Assis sur l'estrade dans le patio, Massoud verse un peu de thé dans la coupelle, souffle dessus et l'avale silencieusement. C'est comme cela que l'on fait en Iran, dit-il, car il ne faut pas boire le thé trop chaud. Parfois on cale aussi un sucre entre ses dents et on le fait fondre en buvant. Mina sort de la maison, apporte quelques gâteaux, du nougat d'Ispahan et s'installe avec nous sur le tapis de l'estrade. C'est grâce à Abbas que nous avons connu Massoud et Mina. Abbas, c'est celui qui nous a conduit la veille dans son taxi jaune Peugeot, depuis Kashan jusqu'à Ispahan .



Comme on avait du temps à perdre, il en avait profité pour gagner notre amitié. Nous avions alors fait une virée entre copains, échappant aux routes rectilignes pour s'engager dans des lacets de montagnes jusqu'à Abyaney, village rural de terre rouge au traditions millénaires zoroastriennes, l'ancienne religion Perse. On déjeunait le midi, de brochettes, de soupes aux poix et aux herbes inconnues dans une gargotte de bord de route. Et après quelques grands verres de dough, un lait fermenté salé aux multiples vertus, nous ressortions sous un soleil assassin, l'estomac repu. Abbas disait qu'il faisait chaud aujourd'hui. Nous disions qu'il faisait tous les jours chaud depuis notre arrivée. On voyait alors ses moustaches trembler sous l'effet du rire. Abbas disait à Sandrine d'enlever son voile. Nous reprenions la route, fenêtres grandes ouvertes.



En fin d'après-midi, Ispahan sortait du désert et comme nous n'avions aucune idée de l'endroit où nous allions dormir, Abbas nous dit que lui, en avait des idées.
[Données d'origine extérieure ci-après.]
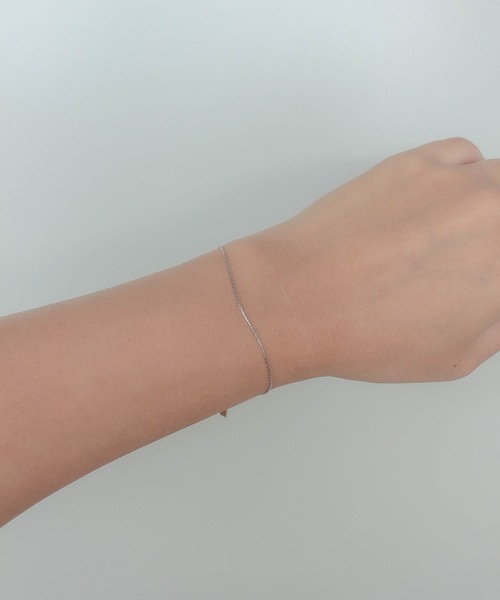 ebine(エビネ)の「金属アレルギー対応/0.6mm Skin Bracelet/ブレスレット(ブレスレット・レディース・ピンクゴールド/シルバー/ゴールド・FREE)」の13枚目の写真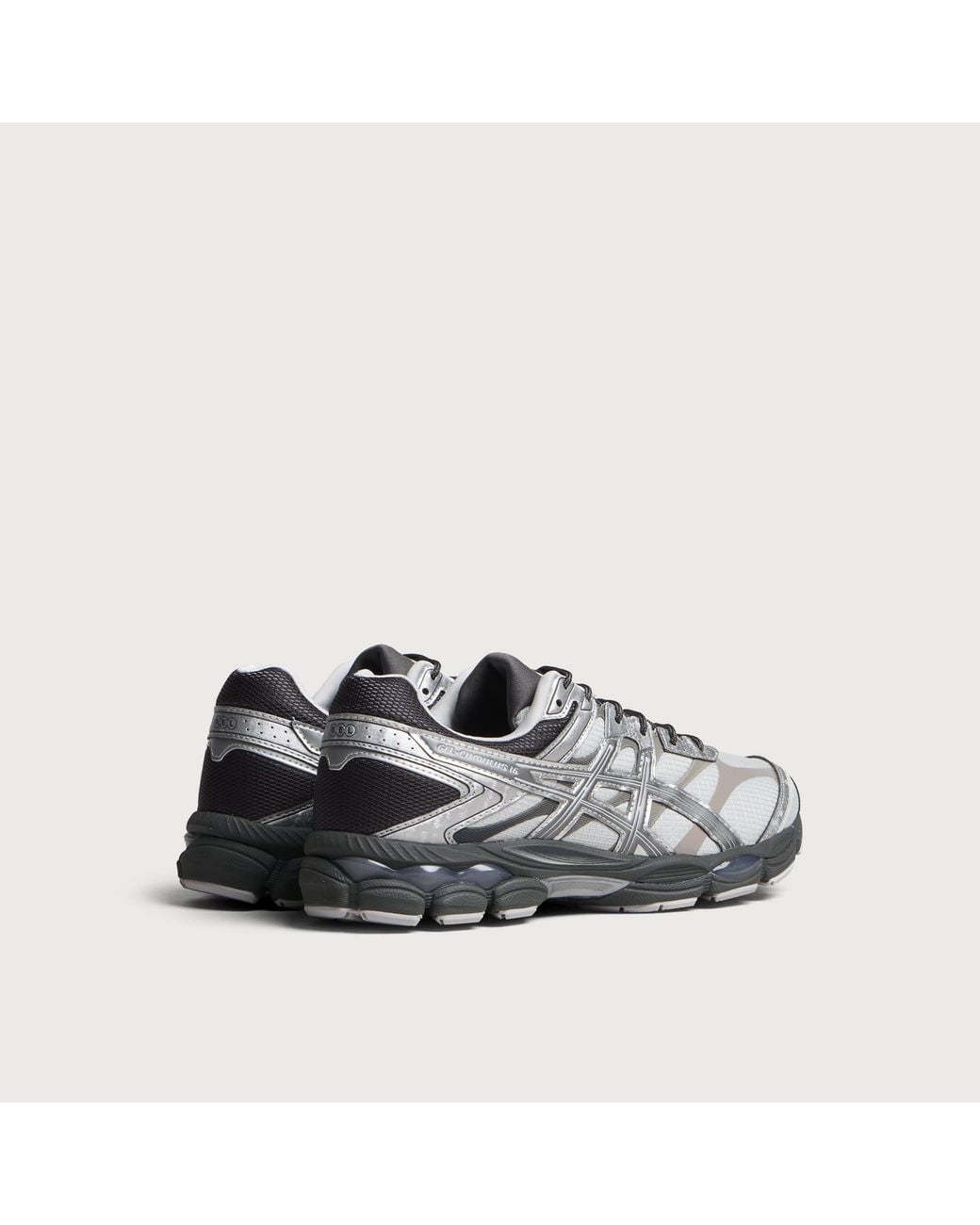Asics Gray Gel-Cumulus 16 Sneaker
Il avait aussi des amis et c'est ainsi que Massoud et Mina sont rentrés dans nos vies un mercredi soir, installés sur le canapé de leur salon, nous étions invités à y boire un thé. Plus tard, Abbas faisait ses adieux, et nous repartions traîner nos guêtres dans la ville, la clé d'une maison d'Ispahan en poche. Le jour déclinait déjà doucement.
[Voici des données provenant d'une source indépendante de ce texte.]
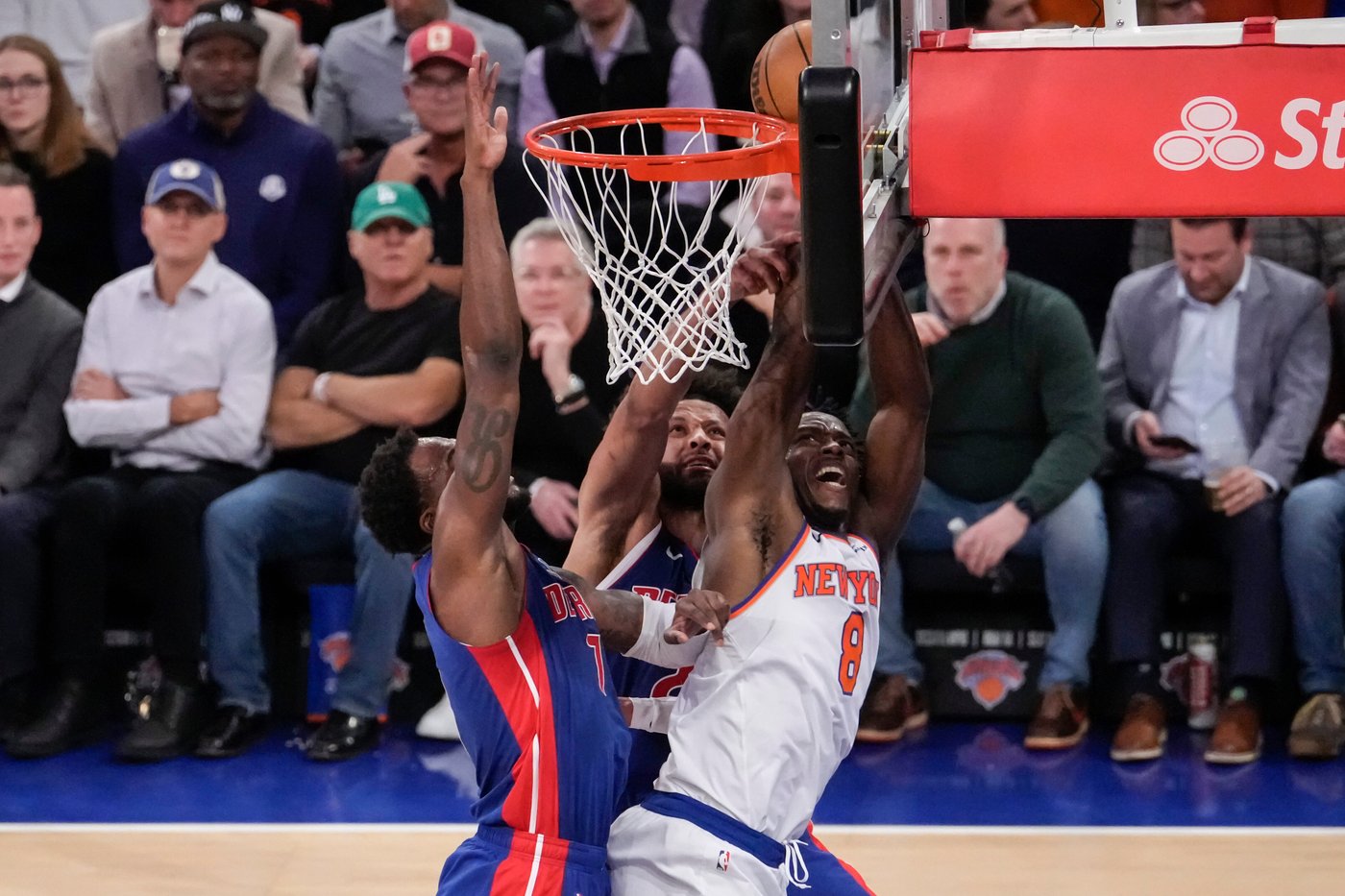 Cunningham's 42 points, 13 assists lead Pistons to a 126-111 win over the Knicks | iNFOnews.ca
Nous avions tout le temps devant nous. La dynastie Safavide, au 17 ème siècle, fit d'Ispahan la capitale de la Perse. Naqsh-e Jahan en devint le symbole de son rayonnement. Avec 512 mètres de long et 163 de large, c'est la plus grande place du monde, après TienAnmen à Pékin. Si des parterres paysagers et une large étendue d'eau agrémentent aujourd'hui le vaste espace, des poteaux en pierre à ses extrémités rappellent que le polo, sport équestre royal est né dans ce coin du monde il y a près de 2500 ans. Avant d'etre rendue aujourd'hui à la contemplation, cette étendue connut le trépignement impatient des chevaux et les hourras des hommes, le bruit furieux des sabots et les folles cavalcades des cavaliers Persans. La place est entièrement ceinte par des arcades où l'on peut circuler à l'ombre. Au nord, il y a l'entrée principale du Bazar, royaume des échanges commerciaux. On y vend selon les quartiers, les bassines de cuivre, les pièces d'orfèvrerie, les voiles et les robes, les épices colorés et le nougat parfumé. Les allées couvertes d'arcades de briques forment un gigantesque labyrinthe protègé du soleil. Des trouées dans les toits assurent une ventilation naturelle et une lumière optimale.
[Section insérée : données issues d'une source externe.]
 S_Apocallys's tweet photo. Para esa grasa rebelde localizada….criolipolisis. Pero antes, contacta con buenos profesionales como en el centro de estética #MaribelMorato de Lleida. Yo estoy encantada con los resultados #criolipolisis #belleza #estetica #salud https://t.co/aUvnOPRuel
A l'opposé de la place Naqsh-e Jahan, se trouve la mosquée du Shah. Ornée d'un portail majestueux et de deux minarets élancés vers le ciel, elle n'est qu'harmonie et majesté au royaume de la démesure. En tapant dans les mains au centre de la salle principale, douze échos se réverbèrent sur les parois du dôme recouvert de mosaïque. Comme les douze imams de la religion Chiite, comme le signe d'une acoustique parfaite. A l'ouest, le palais du Shah permet d'accéder à une terrasse couverte. Le regard y embrasse toute la place et l'on prend alors conscience des extravagantes mesures du lieu. Au delà, on distingue la chaîne de montagne toute proche. Enfin, à l'est, plus petite que la mosquée du Shah, Masjed-Cheikh Lotfollah joue sur sa coupole avec des nuances de teintes crèmes et roses plus pâles que les bleus et turquoises de sa consoeur mais rivalise d'esthétique et d'harmonie.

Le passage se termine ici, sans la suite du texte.